Abstract:
A large round baler equipped with moisture sensing apparatus and a bale scale to improve information useful in baling and using bales. Moisture sensing begins after the bale reaches a predetermined diameter. A history of bale weights is used to estimate how much tension to apply to a belt tensioner to achieve both a target bale weight and a target bale size.

Description:
TECHNICAL FIELD  
       [0001]    The principles disclosed relate to improvements to round balers used for harvest of agricultural crops. The invention relates particularly to a method and apparatus for determining a weight of a bale of hay after it is formed, a moisture content of the bale, projecting a size of a bale at a set point weight, and calculations and data display. 
       BACKGROUND  
       [0002]    Large, cylindrical balers have been on the market for a number of years. Typically, the forming of a bale is terminated according to a diameter criterion. Depending on the crop and its moisture level, the weight of bales and the dry matter content can vary widely, even in the same field. 
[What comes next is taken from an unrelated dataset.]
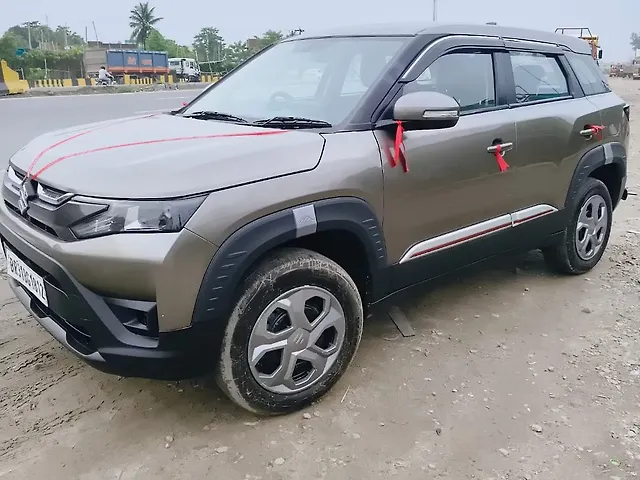 Used Maruti Suzuki Brezza [2022-2026] VXi Petrol Manual in Hajipur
         [0003]    A variety of sensors are incorporated into a large, cylindrical bale baler in U.S. Pat. No. 5,622,104. In particular, the use of a bale size sensor is disclosed. Additional sensors are suggested for bale RPM, crop moisture, horsepower demands, belt tension, and bale weight. 
         [0004]    Wild et al. reported a hay yield monitoring system for round balers with strain gages on the tongue and axle of the vehicles, which provided a measure of the weight of the baler and the bale. They also added accelerometers to measure vertical accelerations during operation and determined stationary loads within 2% of actual weight. Measurements under dynamic conditions are still under investigation. (Wild, K., H. Auernahammer, J. Rottmeier, 1994. “Automatic Data Acquisition on Round Balers,” ASAE Technical Paper No. 94-1582, presented at 1994 ASAE International Meeting, Atlanta, Ga. December 13-16, 15 pp.) 
         [0005]    A cylindrical bale baler system was disclosed in U.S. Pat. No. 6,378,276. The system comprises an electronic evaluation unit for processing signals from displacement sensors and a pendulum, transmitting the bale weight to an output unit with which the data are displayed or stored, such as on a yield card. Additionally, a control device may control various baler functions. Further, a moisture sensor for crop material may be connected with the evaluation unit for an automatic conversion to weight of the dry mass of the big round bale. 
         [0006]    There is, therefore, a need for a cylindrical baling system providing a volume average of the moisture level, a bale weight for each bale, consistent bale weight and size, and an identification label, ultimately providing bale weight, moisture, baling date, and field location for each bale. 
       SUMMARY  
       [0007]    A general object of the present invention is to provide data for each bale made in a large cylindrical (big round) baling operation for decision making, display, archival, and automatic control. 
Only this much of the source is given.